You may have seen the news, Microsoft is giving up on their Edge browser code, and will soon begin shipping a Chromium based Edge. While that has been a source of entertainment all on its own, some have already begun taking advantage of the new bug bounty program for Chromium Edge (Edgium?). It’s an odd bounty program, in that Microsoft has no interest in paying for bugs found in Google’s code. As a result, only bugs in the Edge-exclusive features qualify for payout from Microsoft.

As [Abdulrahman Al-Qabandi] puts it, that’s a very small attack surface. Even so, he managed to find a vulnerability that qualified, and it’s unique. One of the additions Microsoft has made to Edgium is a custom new tab page. Similar to other browsers, that new tab page shows the user their most visited websites. The problem is that the site’s title is shown on that page, but without any sanity checking. If your site’s title field happens to include Javascript, that too is injected into the new tab page.

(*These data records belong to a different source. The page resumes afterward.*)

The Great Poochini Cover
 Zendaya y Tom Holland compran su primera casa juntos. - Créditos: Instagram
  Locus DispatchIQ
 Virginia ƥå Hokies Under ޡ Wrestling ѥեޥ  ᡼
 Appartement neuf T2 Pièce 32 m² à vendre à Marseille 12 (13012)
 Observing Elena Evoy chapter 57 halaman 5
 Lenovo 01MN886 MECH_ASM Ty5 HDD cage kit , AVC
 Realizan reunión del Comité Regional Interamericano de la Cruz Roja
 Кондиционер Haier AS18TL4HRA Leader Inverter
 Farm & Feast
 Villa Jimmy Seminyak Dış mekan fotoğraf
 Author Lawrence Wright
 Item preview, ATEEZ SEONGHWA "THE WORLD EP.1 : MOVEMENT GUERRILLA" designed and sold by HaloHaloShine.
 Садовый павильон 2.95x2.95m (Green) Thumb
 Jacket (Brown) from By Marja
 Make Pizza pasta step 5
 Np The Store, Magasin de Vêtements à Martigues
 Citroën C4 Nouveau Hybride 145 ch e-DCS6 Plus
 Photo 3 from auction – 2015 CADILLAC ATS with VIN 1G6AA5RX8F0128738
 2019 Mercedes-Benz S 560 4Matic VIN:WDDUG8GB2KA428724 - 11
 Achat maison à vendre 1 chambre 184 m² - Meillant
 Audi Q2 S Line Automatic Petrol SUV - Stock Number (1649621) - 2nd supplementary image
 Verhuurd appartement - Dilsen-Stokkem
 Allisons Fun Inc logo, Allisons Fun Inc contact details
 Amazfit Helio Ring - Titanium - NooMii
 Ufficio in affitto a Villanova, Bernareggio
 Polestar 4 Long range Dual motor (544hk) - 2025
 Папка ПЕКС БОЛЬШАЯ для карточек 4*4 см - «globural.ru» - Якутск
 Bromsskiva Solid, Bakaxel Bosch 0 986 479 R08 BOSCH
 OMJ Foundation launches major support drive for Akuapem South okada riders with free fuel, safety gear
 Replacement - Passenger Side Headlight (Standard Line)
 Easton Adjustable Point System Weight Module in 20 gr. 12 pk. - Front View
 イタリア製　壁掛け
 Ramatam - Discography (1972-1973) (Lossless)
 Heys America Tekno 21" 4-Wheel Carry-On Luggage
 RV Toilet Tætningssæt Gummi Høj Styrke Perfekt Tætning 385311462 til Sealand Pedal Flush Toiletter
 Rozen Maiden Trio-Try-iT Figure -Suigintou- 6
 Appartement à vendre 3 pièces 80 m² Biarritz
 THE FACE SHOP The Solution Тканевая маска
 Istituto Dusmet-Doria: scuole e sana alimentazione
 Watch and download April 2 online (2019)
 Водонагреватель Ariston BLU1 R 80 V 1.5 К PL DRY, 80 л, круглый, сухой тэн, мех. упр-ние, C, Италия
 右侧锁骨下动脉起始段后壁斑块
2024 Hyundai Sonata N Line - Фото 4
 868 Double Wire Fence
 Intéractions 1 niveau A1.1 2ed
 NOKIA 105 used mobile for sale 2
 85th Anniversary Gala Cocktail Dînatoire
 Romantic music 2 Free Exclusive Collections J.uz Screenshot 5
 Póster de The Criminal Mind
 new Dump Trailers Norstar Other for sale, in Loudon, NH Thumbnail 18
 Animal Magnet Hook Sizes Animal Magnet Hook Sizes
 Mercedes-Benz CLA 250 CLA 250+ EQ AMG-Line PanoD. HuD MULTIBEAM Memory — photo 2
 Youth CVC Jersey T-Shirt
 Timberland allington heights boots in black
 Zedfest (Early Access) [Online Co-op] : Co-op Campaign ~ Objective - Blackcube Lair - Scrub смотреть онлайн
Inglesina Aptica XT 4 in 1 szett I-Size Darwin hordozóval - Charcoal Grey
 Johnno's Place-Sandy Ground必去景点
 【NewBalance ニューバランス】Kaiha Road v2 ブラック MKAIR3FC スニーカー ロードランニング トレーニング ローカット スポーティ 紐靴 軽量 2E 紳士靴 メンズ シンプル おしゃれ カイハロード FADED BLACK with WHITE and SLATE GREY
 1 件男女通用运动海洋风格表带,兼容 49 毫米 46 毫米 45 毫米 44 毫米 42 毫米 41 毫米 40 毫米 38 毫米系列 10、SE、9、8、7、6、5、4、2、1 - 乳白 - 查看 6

The full exploit has a few extra steps, but the essence is that once a website makes it to the new tab page, it can take over that page, and maybe even escape the browser sandbox.

Chrome Password Checkup

This story is a bit older, but really grabbed my attention. Google has rolled a feature out in Chrome that automatically compares your saved passwords to past data breaches. How does that work without being a security nightmare? It’s clever. A three-byte hash of each username is sent to Google, and compared to the hashes of the compromised accounts. A encrypted database of potential matches is sent to your machine. Your saved passwords, already encrypted with your key, is encrypted a second time with a Google key, and sent back along with the database of possible matches, also encrypted with the same Google key. The clever bit is that once your machine decrypts your database, it now has two sets of credentials, both encrypted with the same Google key. Since this encryption is deterministic, the encrypted data can be compared without decryption. In the end, your passwords aren’t exposed to Google, and Google hasn’t given away their data set either.

The Password Queue

Password changes are a pain, but not usually this much of a pain. A university in Germany suffered a severe malware infection, and took the precaution of resetting the passwords for every student’s account. Their solution for bootstrapping those password changes? The students had to come to the office in person with a valid ID to receive their new passwords. The school cited German legal requirements as a primary cause of the odd solution. Still, you can’t beat that for a secure delivery method.